• [Exercise description]:
Transcribe the stretch of entries below from the line with "2404 Hunting Horse Trail - Photo 4" through the line with "SUNNYCYRUS online show from 11-20-25, 12:49", exactly and with both ends included; leave out all other lines.

Short text fragments from websites:

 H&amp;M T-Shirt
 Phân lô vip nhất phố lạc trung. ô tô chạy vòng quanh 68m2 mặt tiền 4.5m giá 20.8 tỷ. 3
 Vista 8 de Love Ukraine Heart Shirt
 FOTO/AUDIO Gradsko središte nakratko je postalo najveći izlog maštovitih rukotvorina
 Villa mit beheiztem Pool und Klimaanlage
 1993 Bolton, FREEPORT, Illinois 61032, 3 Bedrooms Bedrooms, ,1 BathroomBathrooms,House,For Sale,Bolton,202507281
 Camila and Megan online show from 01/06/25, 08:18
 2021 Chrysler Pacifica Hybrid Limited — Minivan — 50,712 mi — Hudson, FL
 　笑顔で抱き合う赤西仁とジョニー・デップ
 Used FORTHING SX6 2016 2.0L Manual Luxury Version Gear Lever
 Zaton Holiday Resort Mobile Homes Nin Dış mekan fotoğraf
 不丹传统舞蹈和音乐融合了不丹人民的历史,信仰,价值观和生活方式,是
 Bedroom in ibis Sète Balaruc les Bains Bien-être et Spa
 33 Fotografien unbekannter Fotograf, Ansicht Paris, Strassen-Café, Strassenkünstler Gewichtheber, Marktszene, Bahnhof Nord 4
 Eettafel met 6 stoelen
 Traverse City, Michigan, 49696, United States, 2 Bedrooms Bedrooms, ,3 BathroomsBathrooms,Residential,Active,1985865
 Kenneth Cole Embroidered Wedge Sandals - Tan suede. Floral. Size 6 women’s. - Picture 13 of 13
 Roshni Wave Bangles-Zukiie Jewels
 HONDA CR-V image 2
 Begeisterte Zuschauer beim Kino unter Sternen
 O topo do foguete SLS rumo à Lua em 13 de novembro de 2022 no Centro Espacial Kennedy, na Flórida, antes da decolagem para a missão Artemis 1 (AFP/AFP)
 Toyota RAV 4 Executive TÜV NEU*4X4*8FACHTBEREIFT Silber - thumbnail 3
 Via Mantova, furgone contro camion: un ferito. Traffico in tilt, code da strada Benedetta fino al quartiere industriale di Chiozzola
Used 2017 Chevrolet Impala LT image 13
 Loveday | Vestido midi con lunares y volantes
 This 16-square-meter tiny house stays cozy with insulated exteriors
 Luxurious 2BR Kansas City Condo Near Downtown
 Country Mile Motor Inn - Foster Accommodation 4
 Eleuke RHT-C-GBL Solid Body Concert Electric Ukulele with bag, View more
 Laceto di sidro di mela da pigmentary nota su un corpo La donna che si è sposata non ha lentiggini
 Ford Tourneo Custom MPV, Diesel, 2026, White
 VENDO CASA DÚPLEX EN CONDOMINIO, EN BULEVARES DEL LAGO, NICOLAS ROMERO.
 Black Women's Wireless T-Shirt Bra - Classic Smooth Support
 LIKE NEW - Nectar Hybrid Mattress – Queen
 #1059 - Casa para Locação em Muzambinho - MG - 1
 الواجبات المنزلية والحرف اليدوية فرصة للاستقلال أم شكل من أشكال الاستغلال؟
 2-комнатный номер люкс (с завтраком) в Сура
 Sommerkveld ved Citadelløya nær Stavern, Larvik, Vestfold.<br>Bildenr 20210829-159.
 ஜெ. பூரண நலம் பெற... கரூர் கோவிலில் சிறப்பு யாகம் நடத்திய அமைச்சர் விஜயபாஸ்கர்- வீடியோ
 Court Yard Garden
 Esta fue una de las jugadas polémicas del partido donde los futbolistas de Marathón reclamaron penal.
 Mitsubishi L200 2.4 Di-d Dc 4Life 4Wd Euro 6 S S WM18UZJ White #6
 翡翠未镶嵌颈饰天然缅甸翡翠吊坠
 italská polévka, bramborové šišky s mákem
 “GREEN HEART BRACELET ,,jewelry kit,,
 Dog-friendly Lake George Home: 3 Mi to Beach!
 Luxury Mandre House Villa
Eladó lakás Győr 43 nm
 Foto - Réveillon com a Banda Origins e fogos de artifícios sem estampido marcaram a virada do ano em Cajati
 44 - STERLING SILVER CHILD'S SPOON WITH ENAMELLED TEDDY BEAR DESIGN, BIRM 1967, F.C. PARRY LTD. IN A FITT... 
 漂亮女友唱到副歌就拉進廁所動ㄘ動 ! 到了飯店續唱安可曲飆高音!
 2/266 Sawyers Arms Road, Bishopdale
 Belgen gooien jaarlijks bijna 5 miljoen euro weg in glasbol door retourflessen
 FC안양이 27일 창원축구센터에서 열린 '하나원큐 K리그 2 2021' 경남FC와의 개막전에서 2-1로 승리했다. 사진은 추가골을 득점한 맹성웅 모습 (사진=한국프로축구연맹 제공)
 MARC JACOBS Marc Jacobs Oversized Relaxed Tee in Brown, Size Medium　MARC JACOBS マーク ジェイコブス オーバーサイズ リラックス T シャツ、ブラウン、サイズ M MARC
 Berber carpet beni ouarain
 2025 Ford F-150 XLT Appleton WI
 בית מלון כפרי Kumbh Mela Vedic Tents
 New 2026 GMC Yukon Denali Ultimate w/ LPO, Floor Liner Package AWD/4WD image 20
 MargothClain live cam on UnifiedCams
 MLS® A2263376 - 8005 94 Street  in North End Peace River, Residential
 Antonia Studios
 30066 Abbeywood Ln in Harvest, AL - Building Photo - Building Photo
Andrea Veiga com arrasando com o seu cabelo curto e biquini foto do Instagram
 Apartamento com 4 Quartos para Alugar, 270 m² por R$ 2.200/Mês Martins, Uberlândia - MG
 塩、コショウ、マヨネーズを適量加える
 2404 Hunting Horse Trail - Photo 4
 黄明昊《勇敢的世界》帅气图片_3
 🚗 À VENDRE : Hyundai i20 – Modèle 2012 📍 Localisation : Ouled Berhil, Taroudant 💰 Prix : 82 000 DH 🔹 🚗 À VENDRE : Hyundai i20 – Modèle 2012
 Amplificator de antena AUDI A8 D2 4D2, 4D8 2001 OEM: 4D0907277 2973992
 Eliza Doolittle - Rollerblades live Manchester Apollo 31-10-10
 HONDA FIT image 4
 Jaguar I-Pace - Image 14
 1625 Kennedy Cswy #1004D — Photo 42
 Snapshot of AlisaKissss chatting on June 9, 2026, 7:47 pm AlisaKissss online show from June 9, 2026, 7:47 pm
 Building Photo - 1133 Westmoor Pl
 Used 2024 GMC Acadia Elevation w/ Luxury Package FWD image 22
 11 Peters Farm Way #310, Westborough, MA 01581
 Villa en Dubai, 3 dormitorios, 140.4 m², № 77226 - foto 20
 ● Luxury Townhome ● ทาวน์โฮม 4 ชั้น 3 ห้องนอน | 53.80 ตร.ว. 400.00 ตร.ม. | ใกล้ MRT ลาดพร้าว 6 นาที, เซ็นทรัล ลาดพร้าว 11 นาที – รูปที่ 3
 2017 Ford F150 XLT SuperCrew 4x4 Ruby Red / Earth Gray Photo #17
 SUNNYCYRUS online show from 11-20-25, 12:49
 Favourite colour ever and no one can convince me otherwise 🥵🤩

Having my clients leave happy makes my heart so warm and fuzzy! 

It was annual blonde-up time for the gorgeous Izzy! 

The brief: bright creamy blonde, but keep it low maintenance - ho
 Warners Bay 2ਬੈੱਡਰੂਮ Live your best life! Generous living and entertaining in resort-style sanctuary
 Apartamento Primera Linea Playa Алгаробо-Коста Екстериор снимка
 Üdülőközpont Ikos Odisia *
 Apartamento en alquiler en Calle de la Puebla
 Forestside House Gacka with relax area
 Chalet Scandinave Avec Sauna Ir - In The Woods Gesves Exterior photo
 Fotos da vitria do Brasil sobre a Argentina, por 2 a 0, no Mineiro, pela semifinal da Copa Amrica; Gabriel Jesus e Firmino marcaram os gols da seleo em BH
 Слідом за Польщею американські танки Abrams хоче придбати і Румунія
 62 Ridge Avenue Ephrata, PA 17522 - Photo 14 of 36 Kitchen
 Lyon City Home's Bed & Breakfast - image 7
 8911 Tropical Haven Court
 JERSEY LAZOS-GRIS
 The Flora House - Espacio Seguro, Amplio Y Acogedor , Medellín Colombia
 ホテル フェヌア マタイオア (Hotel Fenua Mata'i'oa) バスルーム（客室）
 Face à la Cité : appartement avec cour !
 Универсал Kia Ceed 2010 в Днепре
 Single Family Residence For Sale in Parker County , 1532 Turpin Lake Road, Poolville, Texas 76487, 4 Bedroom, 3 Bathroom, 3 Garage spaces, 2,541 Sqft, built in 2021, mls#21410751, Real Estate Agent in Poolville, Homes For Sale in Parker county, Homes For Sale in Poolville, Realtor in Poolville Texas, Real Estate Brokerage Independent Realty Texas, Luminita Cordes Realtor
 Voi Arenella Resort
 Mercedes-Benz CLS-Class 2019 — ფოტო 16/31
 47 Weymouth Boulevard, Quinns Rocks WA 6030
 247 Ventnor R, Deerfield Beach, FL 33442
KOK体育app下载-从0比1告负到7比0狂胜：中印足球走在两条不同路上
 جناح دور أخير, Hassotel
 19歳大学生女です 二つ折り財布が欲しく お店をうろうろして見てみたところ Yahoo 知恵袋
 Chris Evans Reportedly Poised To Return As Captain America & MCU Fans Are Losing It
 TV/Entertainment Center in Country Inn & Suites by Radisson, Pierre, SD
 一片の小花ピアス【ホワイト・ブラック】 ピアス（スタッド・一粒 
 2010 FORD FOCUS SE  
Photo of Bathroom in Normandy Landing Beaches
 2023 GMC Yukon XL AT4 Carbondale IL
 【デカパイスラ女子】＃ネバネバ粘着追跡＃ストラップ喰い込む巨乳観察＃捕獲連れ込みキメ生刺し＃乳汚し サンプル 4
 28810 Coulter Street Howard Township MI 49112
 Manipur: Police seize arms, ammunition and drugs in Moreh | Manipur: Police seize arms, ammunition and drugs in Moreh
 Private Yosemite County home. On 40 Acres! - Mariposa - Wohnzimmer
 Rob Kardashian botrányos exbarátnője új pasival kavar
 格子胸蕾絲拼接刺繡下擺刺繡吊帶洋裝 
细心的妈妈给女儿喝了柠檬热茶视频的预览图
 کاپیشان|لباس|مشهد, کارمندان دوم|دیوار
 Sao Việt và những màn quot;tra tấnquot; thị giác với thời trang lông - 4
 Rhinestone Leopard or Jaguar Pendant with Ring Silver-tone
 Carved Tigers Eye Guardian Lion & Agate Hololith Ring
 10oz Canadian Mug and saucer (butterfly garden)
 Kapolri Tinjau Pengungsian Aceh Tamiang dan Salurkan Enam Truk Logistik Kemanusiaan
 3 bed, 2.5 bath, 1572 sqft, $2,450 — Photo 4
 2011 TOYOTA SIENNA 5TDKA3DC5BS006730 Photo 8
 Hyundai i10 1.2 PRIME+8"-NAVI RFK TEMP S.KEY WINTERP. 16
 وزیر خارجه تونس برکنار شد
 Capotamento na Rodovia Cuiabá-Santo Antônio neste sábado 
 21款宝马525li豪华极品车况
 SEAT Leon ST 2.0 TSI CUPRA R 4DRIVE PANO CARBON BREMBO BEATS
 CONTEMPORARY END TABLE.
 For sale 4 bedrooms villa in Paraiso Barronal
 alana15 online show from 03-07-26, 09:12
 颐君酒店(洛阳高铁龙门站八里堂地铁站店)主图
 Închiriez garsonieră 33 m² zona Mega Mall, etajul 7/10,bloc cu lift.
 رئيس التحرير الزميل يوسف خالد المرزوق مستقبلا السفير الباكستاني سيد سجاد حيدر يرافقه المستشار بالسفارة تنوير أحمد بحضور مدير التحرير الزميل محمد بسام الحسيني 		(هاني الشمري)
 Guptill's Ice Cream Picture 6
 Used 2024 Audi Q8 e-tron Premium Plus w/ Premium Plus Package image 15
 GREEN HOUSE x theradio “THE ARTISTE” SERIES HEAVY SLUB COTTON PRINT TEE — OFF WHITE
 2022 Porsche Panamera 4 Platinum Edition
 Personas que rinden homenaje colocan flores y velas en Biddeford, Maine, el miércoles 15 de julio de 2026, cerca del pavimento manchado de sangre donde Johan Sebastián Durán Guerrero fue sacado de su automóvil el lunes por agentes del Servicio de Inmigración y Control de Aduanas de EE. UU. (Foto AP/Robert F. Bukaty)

• [Solution to this problem]:
 2404 Hunting Horse Trail - Photo 4
 黄明昊《勇敢的世界》帅气图片_3
 🚗 À VENDRE : Hyundai i20 – Modèle 2012 📍 Localisation : Ouled Berhil, Taroudant 💰 Prix : 82 000 DH 🔹 🚗 À VENDRE : Hyundai i20 – Modèle 2012
 Amplificator de antena AUDI A8 D2 4D2, 4D8 2001 OEM: 4D0907277 2973992
 Eliza Doolittle - Rollerblades live Manchester Apollo 31-10-10
 HONDA FIT image 4
 Jaguar I-Pace - Image 14
 1625 Kennedy Cswy #1004D — Photo 42
 Snapshot of AlisaKissss chatting on June 9, 2026, 7:47 pm AlisaKissss online show from June 9, 2026, 7:47 pm
 Building Photo - 1133 Westmoor Pl
 Used 2024 GMC Acadia Elevation w/ Luxury Package FWD image 22
 11 Peters Farm Way #310, Westborough, MA 01581
 Villa en Dubai, 3 dormitorios, 140.4 m², № 77226 - foto 20
 ● Luxury Townhome ● ทาวน์โฮม 4 ชั้น 3 ห้องนอน | 53.80 ตร.ว. 400.00 ตร.ม. | ใกล้ MRT ลาดพร้าว 6 นาที, เซ็นทรัล ลาดพร้าว 11 นาที – รูปที่ 3
 2017 Ford F150 XLT SuperCrew 4x4 Ruby Red / Earth Gray Photo #17
 SUNNYCYRUS online show from 11-20-25, 12:49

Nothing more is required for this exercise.